▶ [Task to carry out]:
Will you write out, word for word, every line from the one with "Hindu Wedding in Plum Mitan" to the final line of the data below, with the pictures left out?

[The data Boundary: Start]

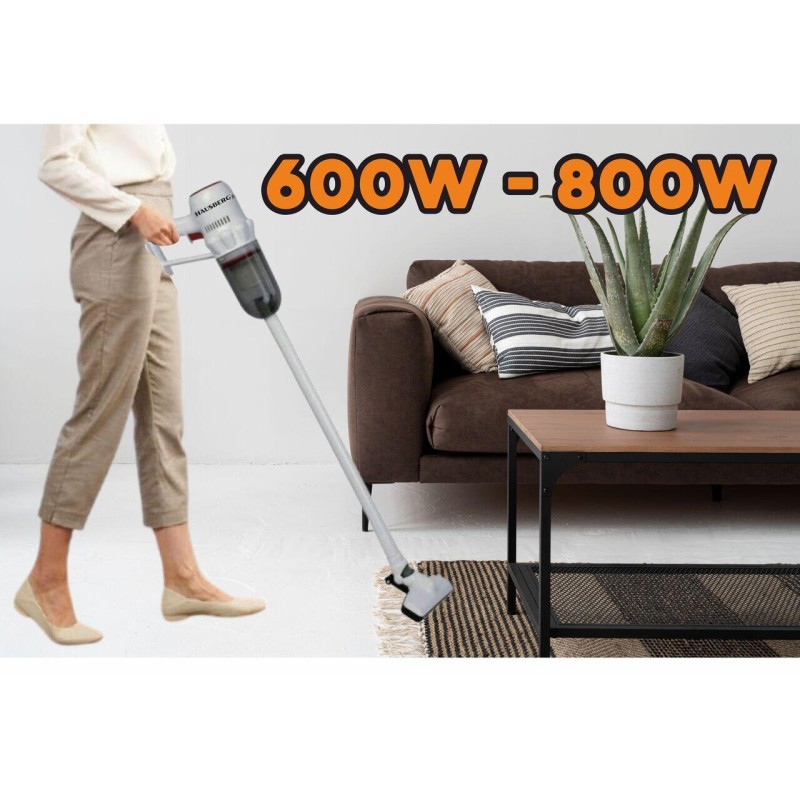 Aspirator vertical 2 in 1 HAUSBERG HB-2024GR, fara sac, aspirare uscata, 2 niveluri de viteza, motor turbo, 0.7 L, 600-800W, Gri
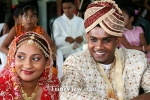 Hindu Wedding in Plum Mitan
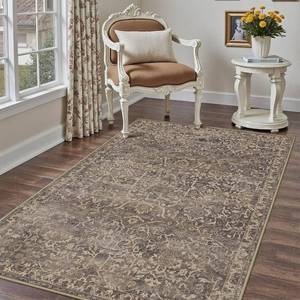 lot 3734 image: HUGEAR 4x6 Entryway Rug, Retro Brown, Machine Washable, Non Slip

[The data Boundary: End]

▶ [Output of the task]:
 Hindu Wedding in Plum Mitan
 lot 3734 image: HUGEAR 4x6 Entryway Rug, Retro Brown, Machine Washable, Non Slip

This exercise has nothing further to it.